First note that $$ \tag{1} 2-{2p \choose p}= 2\Big(1-{2p-1 \choose p-1}\Big).$$

Also from the well-known relations between the roots and coefficients of a polynomial, we have $$ \tag{2} {X-1 \choose j}=\sum_{k=0}^j (-1)^{j-k}G_j^{(k)}X^k,$$ where $$G_j^{(k)}=\sum_{0\le i_1 \lt i_2 \cdot\cdot \lt i_k \le j}\frac{1}{i_1i_2 \cdot\cdot i_k} \text{ and }G_j^{(0)}=1$$ and from the well-known relation between elementary symmetric polynomials and sums of powers, we have $$ \tag{3} G_n^{(k)}=-\frac{1}{k}\sum_{j=1}^k(-1)^jH_n^{(j)}G_n^{(k-j)}$$ which gives $$\tag{4} G_n^{(1)}=H_n$$ $$\tag{5} G_n^{(2)}=\frac{1}{2}\Big(H_n^2-H_n^{(2)}\Big)$$ $$\tag{6} G_n^{(3)}=\frac{1}{6}\Big(H_n^3-3H_nH_n^{(2)}+2H_n^{(3)}\Big)$$ Then with $X=2p$ and $j=p-1$ Equation (2) becomes $$ {2p-1 \choose p-1}=\sum_{k=0}^{p-1} (-1)^{k}G_{p-1}^{(k)}2^kp^k,$$ and since the denominator in $G_{p-1}^{(k)}$ is coprime to $p$ we have: $$ {2p-1 \choose p-1}\equiv G_{p-1}^{(0)}-G_{p-1}^{(1)}2p+ G_{p-1}^{(2)}4p^2 -G_{p-1}^{(3)}8p^3 \pmod {p^4}$$ and accounting for (4), (5) and (6) we have $${2p-1 \choose p-1}\equiv 1-2pH_{p-1}+ 2p^2\big(H_{p-1}^2-H_{p-1}^{(2)}\big) -\frac{4p^3}{3}\Big(H_{p-1}^3-3H_{p-1}H_{p-1}^{(2)}+2H_{p-1}^{(3)}\Big) \pmod {p^4}$$ It is also well-known that for any $k\ge 0$, we have $H_{p-1}^{2k+1} \equiv 0 \pmod {p}$, you see this by pairing the 2 terms symetric around the middle of the harmonic sum, so that since $p \gt3$, the last term on the rhs of the latter congruence disappears.

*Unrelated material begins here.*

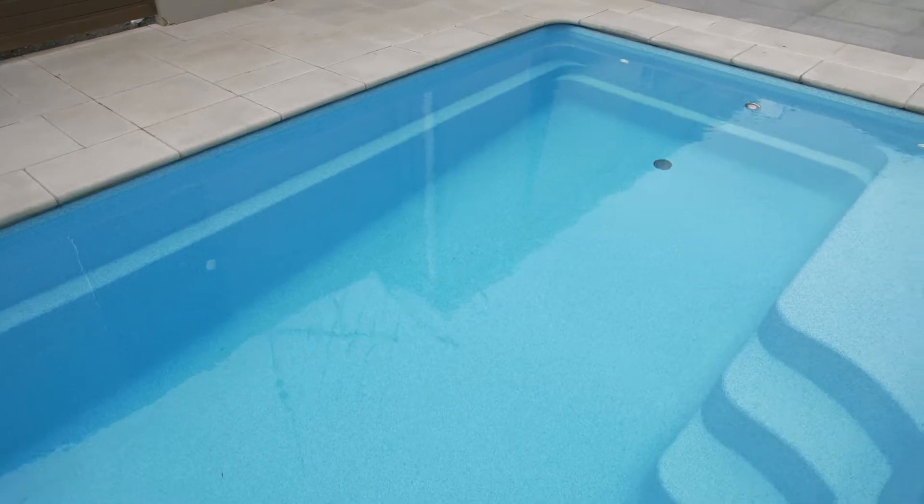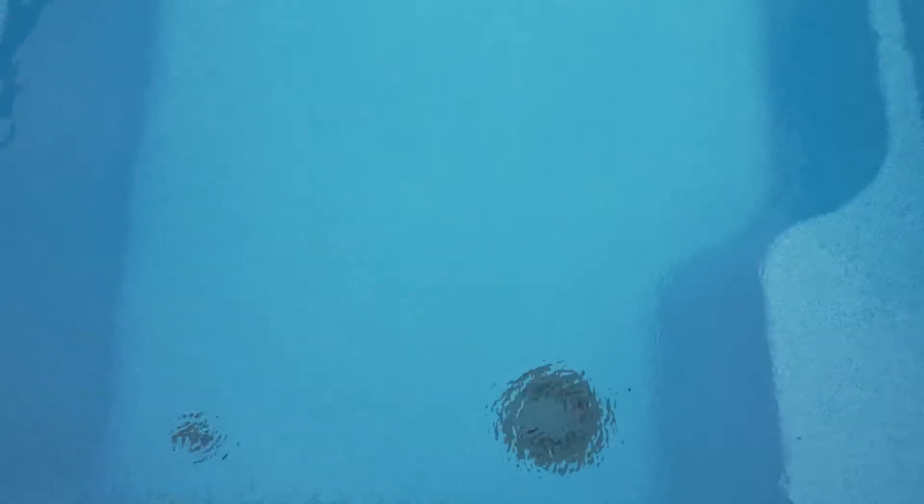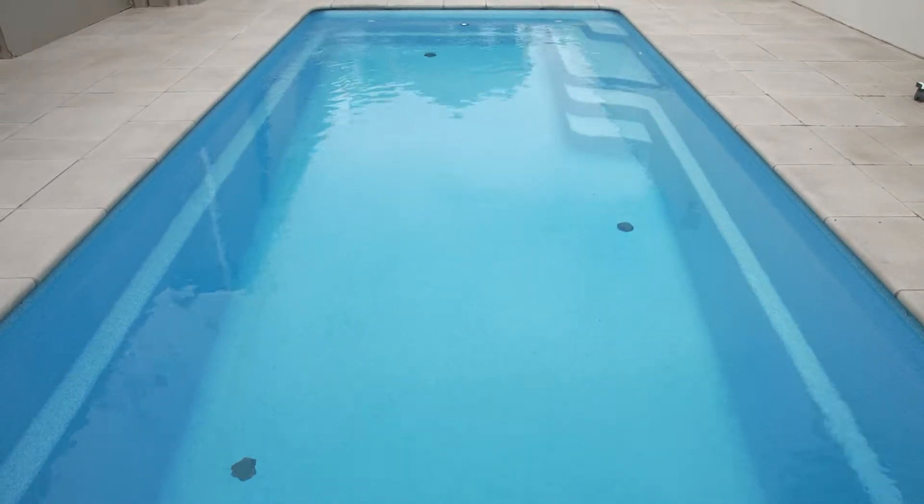The benefits of in-floor cleaning is that it cleans itself. It gives you pristine water because you've got circulation from the bottom of the pool to the top of the pool. Heating and chemicals are distributed through the entire depth of the pool, so you don't get any cold spots. Your chemicals are all evenly placed within the volume of the pool.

The term $H_{p-1}^2$ in $p^2$ also disappears and we are left with

$$\tag{**}{2p-1 \choose p-1}\equiv 1-2p\Big(H_{p-1}+pH_{p-1}^{(2)}\Big) \pmod {p^4}.$$

Now $$ H_{p-1}=\sum_{i=1}^{p-1}\frac{1}{i}=\sum_{i=1}^{p-1}\frac{1}{(p-i)}=-\sum_{i=1}^{p-1}\frac{1}{i(1-\frac{p}{i})}$$ $$ H_{p-1}=-\sum_{i=1}^{p-1}\sum_{j\ge 0}\frac{p^j}{i^{j+1}}= -\sum_{j\ge 0}p^j\sum_{i=1}^{p-1}\frac{1}{i^{j+1}}=-\sum_{j\ge 0}p^jH_{p-1}^{(j+1)}$$

$$ 2H_{p-1}=-\sum_{j\ge 1}p^jH_{p-1}^{(j+1)}= -pH_{p-1}^{(2)}-p^2H_{p-1}^{(3)}-p^3H_{p-1}^{(4)} - \cdot\cdot $$ $$2H_{p-1}+2pH_{p-1}^{(2)} =pH_{p-1}^{(2)}-p^2H_{p-1}^{(3)}-p^3H_{p-1}^{(4)} - \cdot\cdot $$ $$2p\Big(H_{p-1}+pH_{p-1}^{(2)}\Big)= p^2H_{p-1}^{(2)}-p^3H_{p-1}^{(3)} - \cdot\cdot $$ then $$2p\Big(H_{p-1}+pH_{p-1}^{(2)}\Big) \equiv p^2H_{p-1}^{(2)} \pmod {p^4} $$ then (**) becomes $$\tag{***}{2p-1 \choose p-1}\equiv 1-p^2H_{p-1}^{(2)} \pmod {p^4}$$ which together with (1) gives

$$2p^2H_{p-1}^{(2)}\equiv 2-\binom{2p}{p}\pmod{p^4}$$ provided that $p \ge 5$.